Forward-thinking and committed, we find the best solution and use the right technologies to design, develop and manufacture your products to ensure we get vital medicines to patients quickly and safely.
We are dedicated to quality excellence. We are driven to get better treatments to market, efficiently and responsibly by reducing timelines and delivering the highest quality products and services.
We are Abzena. More than a CDMO, we are a responsible and dedicated partner that takes care of your products from concept to patient.
The Manufacturing Production Services Supervisor leads the production services team during the 7:30 PM to 4:00 AM shift. This hands-on leader ensures facility cleaning, material staging, solution formulation, equipment startup and breakdown, and off-shift monitoring support manufacturing unit operations. The role partners with Quality, Engineering, and Supply Chain and reports to the Production Manager. Direct reports may include a Lead Production Service Associate and Production Service Associates I and II.
Responsibilities
- Supervise daily third shift production activities and enforce safety, quality, environmental, and personnel policies.
- Monitor production schedules, allocate resources, and adjust plans to meet targets.
- Provide on-the-job training, coaching, and mentorship to manufacturing operators and production service associates.
- Troubleshoot production and equipment issues and escalate when required.
- Lead batch readiness activities including planning, material requests and transfers, and staging of materials and equipment.
- Ensure all activities comply with cGMP and FDA regulations and company procedures.
- Enforce SOPs and quality standards and review GMP records for completeness and accuracy daily.
- Identify and document deviations, assess product impact, and support corrective and preventive action proposals.
- Draft, revise, and review manufacturing SOPs, master batch records, specifications and other cGMP documentation.

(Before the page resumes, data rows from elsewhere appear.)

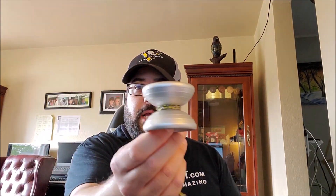What's up YouTube? We've got a yo-yo review to do today. This is the One Drop Downbeat 2020.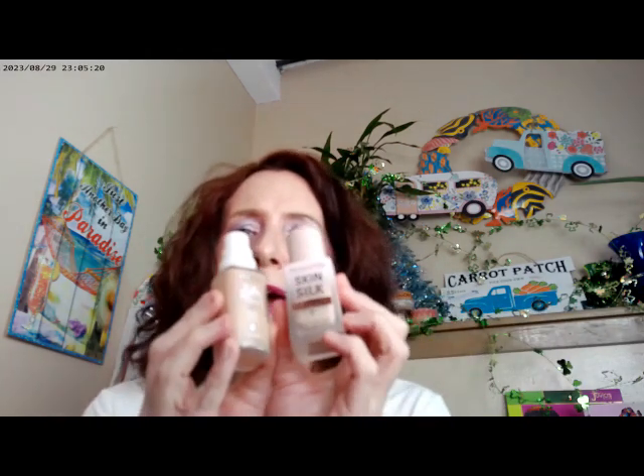Let's start with the glow oil — the Supergoop. This one has SPF 50 in it. I did go ahead and mix two foundations together to get the look I have on today. I used True Match by L'Oreal in Cool 2.5, and then the Skin Silk by Revolution in F2. These are both cool tones.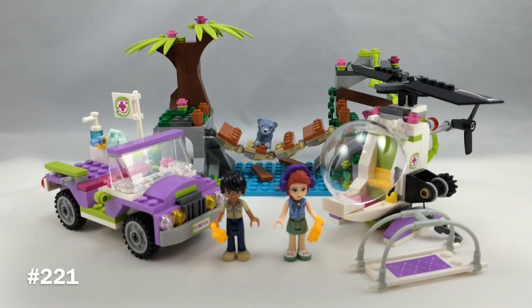Hello, Just2Good here, back with another review. Today I'm reviewing my first Lego Friends Jungle Rescue set. This is set number 41036, called Jungle Bridge Rescue.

- Drive process and workflow improvements and support MS&T initiatives.
- Represent the department on project teams and task forces and support continuous improvement activities.

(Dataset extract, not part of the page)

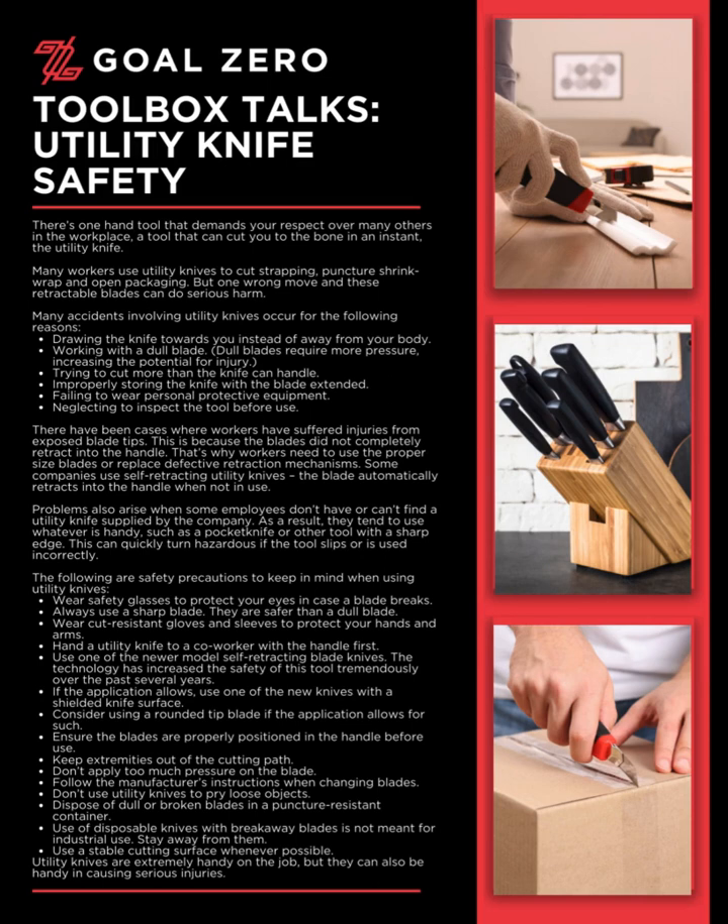Many accidents involving utility knives occur for the following reasons: drawing the knife towards you instead of away from your body; working with a dull blade — dull blades require more pressure, increasing the potential for injury; trying to cut more than the knife can handle; improperly storing the knife with the blade extended; failing to wear personal protective equipment; and neglecting to inspect the tool before use.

- Maintain accurate production logs, batch records, and other manufacturing documentation.
- Maintain a clean, safe production environment and manage inventory levels for production readiness.
- Perform additional duties and flexible scheduling including weekend work as needed.
- Bachelor's degree in Engineering, Science, or related field or equivalent experience.
- Minimum 2 to 3 years of leadership experience in pharmaceutical manufacturing or a CDMO environment with hands-on manufacturing or validation experience.
- Strong knowledge of cGMP guidelines, FDA regulations, cleanrooms, HVAC systems, pharmaceutical processing, and plant equipment.
- Demonstrated experience with aseptic handling and biosafety cabinet operations.
- Proficiency with single-use technologies including tube welding and sealing.
- Excellent leadership, communication, problem-solving and organizational skills.
- Ability to work independently, prioritize multiple tasks, and lead cross-functional activities.
- Basic computer skills and competency with basic arithmetic.
- Degree with laboratory coursework in chemistry or biology.
- At least 2 years of cell culture experience in a cGMP biotech or pharmaceutical setting.
- Experience with mammalian cell culture processes and bioreactor operation.
- Upstream and downstream biologics experience.
- Strong technical and mechanical aptitude in bioprocessing.
- Ability to stand and walk for the length of the shift and sit or stand for extended periods.
- Frequent lifting or moving of objects up to 50 pounds.
- Ability to climb, balance, stoop, kneel, crouch, or crawl.
- Use of hands and fingers for handling and reaching.
- Visual acuity including near and far sight, color perception, peripheral vision, depth perception and focus.
FLSA: Exempt
Abzena is an equal opportunity employer that is committed to diversity and inclusion in the workplace. We prohibit discrimination and harassment of any kind based on race, color, sex, religion, sexual orientation, national origin, disability, genetic information, pregnancy, or any other protected characteristic as outlined by federal, state, or local laws.
This policy applies to all employment practices within our organization, including hiring, recruiting, promotion, termination, layoff, recall, leave of absence, compensation, benefits, and training.